What needs to be done :: Begin at the line below that has "Kira Watkins, Jessica" and stop after the line that has "Hi, I'm New". Please restate only those lines, word for word.

[Data for this exercise]

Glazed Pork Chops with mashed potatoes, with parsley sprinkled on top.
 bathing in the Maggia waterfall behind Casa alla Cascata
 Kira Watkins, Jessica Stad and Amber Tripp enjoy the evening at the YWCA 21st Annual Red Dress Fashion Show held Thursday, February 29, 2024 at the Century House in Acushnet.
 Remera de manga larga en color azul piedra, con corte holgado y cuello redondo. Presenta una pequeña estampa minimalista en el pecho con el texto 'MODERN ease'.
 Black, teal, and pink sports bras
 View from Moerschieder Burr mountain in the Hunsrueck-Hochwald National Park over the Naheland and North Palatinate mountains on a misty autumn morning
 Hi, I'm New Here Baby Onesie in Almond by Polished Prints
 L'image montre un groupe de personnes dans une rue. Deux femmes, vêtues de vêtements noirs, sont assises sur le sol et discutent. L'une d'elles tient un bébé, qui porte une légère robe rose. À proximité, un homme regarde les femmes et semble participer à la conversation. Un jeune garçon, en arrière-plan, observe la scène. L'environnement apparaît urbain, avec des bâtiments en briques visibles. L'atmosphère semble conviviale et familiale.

[/Data for this exercise]

Reply to the task ::
 Kira Watkins, Jessica Stad and Amber Tripp enjoy the evening at the YWCA 21st Annual Red Dress Fashion Show held Thursday, February 29, 2024 at the Century House in Acushnet.
 Remera de manga larga en color azul piedra, con corte holgado y cuello redondo. Presenta una pequeña estampa minimalista en el pecho con el texto 'MODERN ease'.
 Black, teal, and pink sports bras
 View from Moerschieder Burr mountain in the Hunsrueck-Hochwald National Park over the Naheland and North Palatinate mountains on a misty autumn morning
 Hi, I'm New Here Baby Onesie in Almond by Polished Prints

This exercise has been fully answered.